携帯電話業界の主要プレーヤーが全て入れ替わった

 iPhoneとは何だったのか。10年経った今振り返ってみると、老舗メーカーを中心とした秩序を徹底的に破壊して、スマートフォンという新秩序を作り上げた起点という結論になる(図1)。

図1●iPhoneは何を破壊し、何を生み出したか
図1●iPhoneは何を破壊し、何を生み出したか
出所:テカナリエ
[画像のクリックで拡大表示]

 iPhone以前は携帯電話という大きなマーケットがあり、メインプレーヤーはノキア、モトローラなどの海外メーカーに加え、日本国内にも多数の携帯電話端末メーカーがひしめいていた。2007年の初代iPhoneは2G通信機能しかもっておらず、主に北米だけで売られた。ターゲットとした相手は当時ネットワーク端末としても人気のあったブラックベリーであった。初代iPhoneは話題にはなったものの680万台しか売れず、大ヒットには至らなかった。

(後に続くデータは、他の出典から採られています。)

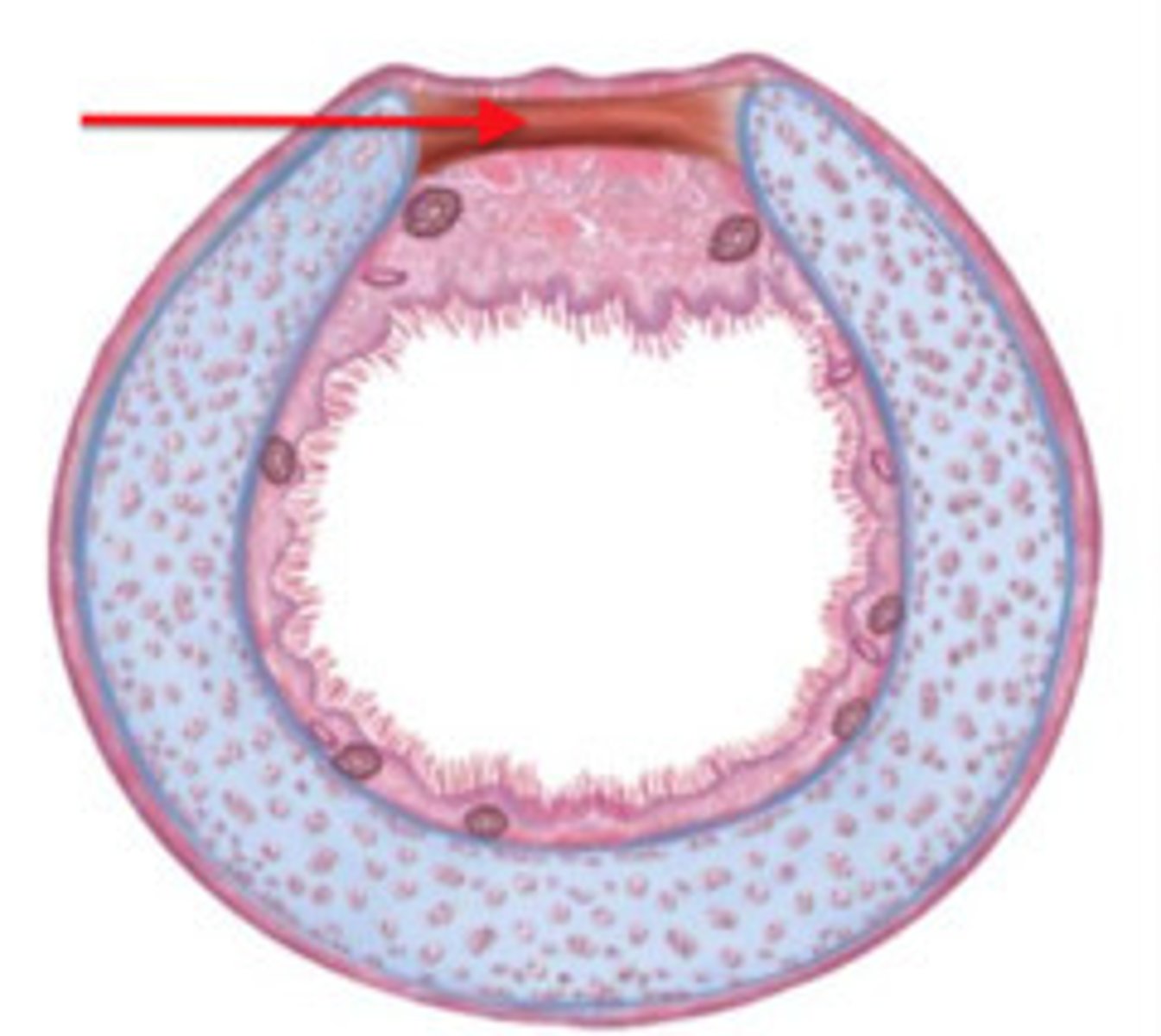 <p>band of smooth muscle that connects the tracheal and esophagus</p>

 しかし翌2008年のiPhone 3Gでは3G通信機能を備え、一気に世界モデルとして各国に広がっていった。ほぼ同時機にAndroid OSの1号機、T-Mobile G1(HTC Dream)がリリースされ、スマートフォン時代の本格的な幕開けとなった。

 iPhoneは瞬く間に世界に広まった。当時中国や香港では続々とスマートフォンもどきが誕生した。中身は携帯電話のままで外観のみiPhoneそっくりの製品が売られる一方、独創的なスマートフォンも登場した。スマートフォンは2010年には世界中でブームとなった。日本の携帯電話機メーカーの再編、ノキア、モトローラといった老舗の衰退や再編が始まった。

 いわゆる3C分析の通用しない時代に突入したわけだ。今までトップを争っていたノキアとモトローラではない、新しい面々がスマートフォンを開花させた。プレーヤーががらりと入れ替わり、新しいプレーヤーがスマートフォン時代の主役となった。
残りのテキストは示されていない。